The Roma’s distinctive cultural identity and resistance to assimilation, patterns of migration predicated on labour routes, and ongoing segregation and exclusion from dominant cultures, have led to the exoticization and vilification of the Roma as ‘nomadic’ peoples. For decades, the media has been depicting the Roma’s alleged nomadic behaviour both as a dangerous criminal pathology risking the security of the nation-state and as a manifestation of an ahistorical, romantic, wandering outlaw stereotype.
This nomadic myth has enabled regimes of power to pass legislation that prohibits Romany groups from stopping anywhere, thus enacting a grid of belonging that seemingly exorcizes the Roma, constructing this minority group as those who simply cannot fit.

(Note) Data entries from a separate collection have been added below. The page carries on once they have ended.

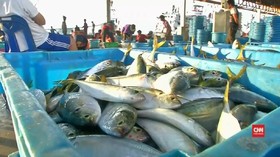 Thailand Hadapi Masalah Besar di Industri Perikanan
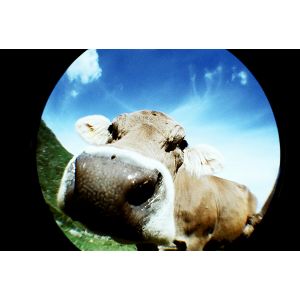 lomography-fisheye2-shiawase-fcp200gw-fcp200gw_3.jpg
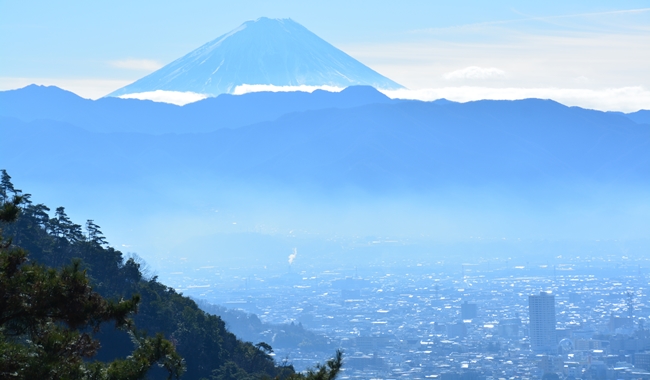 山梨 フルーツ 大国 果実 たっぷり カッサータ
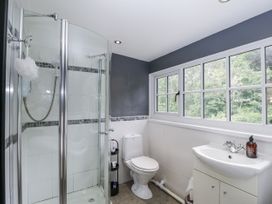 A bathroom with a shower, toilet and sink at Woods Cottage in Kingcoed near Raglan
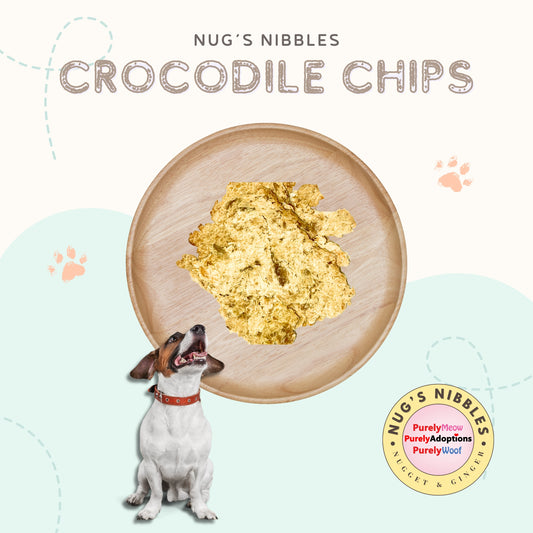 Air Dried Crocodile Chips (PA)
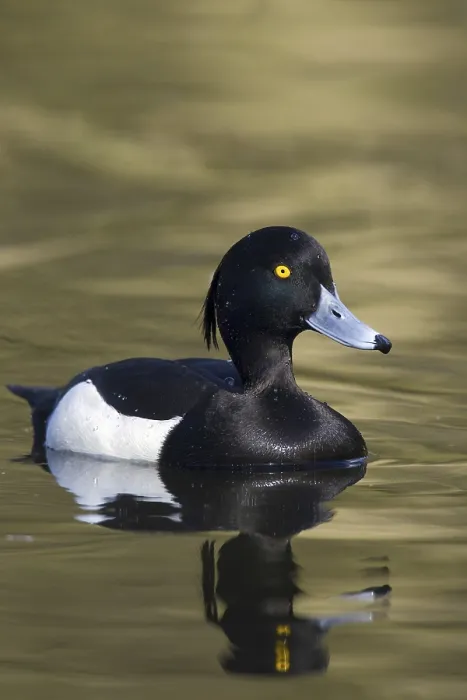 Framed Print : Tufted duck (Aythya fuligula) male swimming in lake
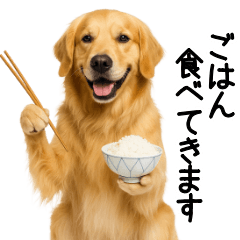 [LINEスタンプ] ゴールデンレトリバー★よく使うスタンプ♪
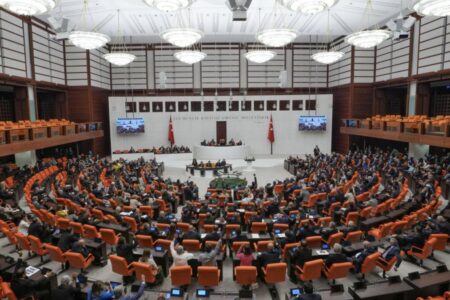 In der Großen Nationalversammlung der Türkei wurde ein Ausschuss zur Untersuchung von Todesfällen bei Babys eingerichtet.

roma communities across europe and beyond
A report by the Institute for Public Policy Research into the implications of Brexit for Roma communities found that the group faced a “triple whammy of challenges” following June’s referendum on Britain’s membership of the EU. In addition, the introduction of Public Space Protection Orders in 2014 has meant that native Gypsy and Traveller communities face an even more extensive imposition of prohibitions on how to use and gain access to space. This prohibition engages article 8 of the Convention in the guidance (the right to respect for private and family life and home) and establishes the notion of certain places which are out of bounds to some members of the community.
In France, a series of forced evictions have expelled over 11,000 Romani people in 2016 alone, in so called “evacuations” which are less about moving families to safety than into further situations of vulnerability in slums or onto the street. In Italy, a state of what the European Roma Rights Centre calls undeclared apartheid exists for the Romani people, resulting in forced evictions, housing discrimination and inadequate housing conditions. Outside of Europe, similar practices of racial profiling and prohibition of access to space have been identified in Canada, for example, where restrictions against migrants with Roma ethnicity have been put in place by consecutive governments.
David Morley’s Patrìn
The word patrìn means “leaf”, “paper”, and “trail sign” in Romany. In his poem Patrìn (from the collection The Invisible Kings), English poet and critic David Morley highlights the concept of space as that which is produced, marked and bound through the use of alliteration. The poem also emphasizes the double meaning of patrìn as both a means to mark the direction of travel as well as a form of communication between Roma “for passing on news”, “using prearranged forms, patterns”, “or permutations”. Morley’s use of enjambment establishes the sense of a continuing journey without end. Yet the physical shape of the poem on the page replicates the image of two leaves, isolated, defined and contained against the blank white space of the background.
Simply, a page
yet it also means a leaf
or permutations of these
using prearranged forms, patterns.
Bark-binds used for passing on news,
often grids of branches or leaf-twists
that tell others of their direction.
The marker used by Roma:
pyatrin, or sikaimasko,
The repetition and reversal of the phrases referring to “prearranged forms, patterns” and the “marker used by Roma: pyatrin, or sikaimasko, or pateran” across the two stanzas creates a mirroring affect in which the poem itself also can be said to take shape as the imprint of a leaf form, reflecting a definitive delineation of temporal location – a “leaf-twist” here, a “grid” of cartographical emplacement replicated in perpetuity on the page.
At the same time, the poem can be read as an indication of transience, as the recognition that a leaf that can also be “simply, a page”, nature turning in on itself in metamorphosis whilst those who mark it leave only a dialogic echo of their presence. This reading of space as malleable and produced by those rendered outsiders demonstrates a form of belonging to space which does not rely on limited definitions of territorial citizenship to engage with the spaces through which we move.
“Space is always being produced by all of us, not just those with the mandate to demand bigger walls.”
Despite the insidious intrusion of the border and the rhetoric of governments on who gets to have access to certain spaces and who can never belong, those of us who seek to resist this narrative must first argue, in contrast, that space is never fixed, and the spacing of territory is defined through its dynamic exchange of colliding interrelations. It is always being produced by all of us, not just those with the mandate to demand bigger walls or insist upon punitive treatment for those defined as strangers or outsiders.
To read space through this particular lens forces us to rethink how legal space is effectively framed, and deconstructs its neutrality as a fiction of non-belonging. The conceptual interpretation of space in an era of regressive border incursions into all kinds of everyday spaces challenges these restrictive definitions of exclusionary spaces of belonging, asking instead how all of us shape, mark and reinvent the spaces we are in today.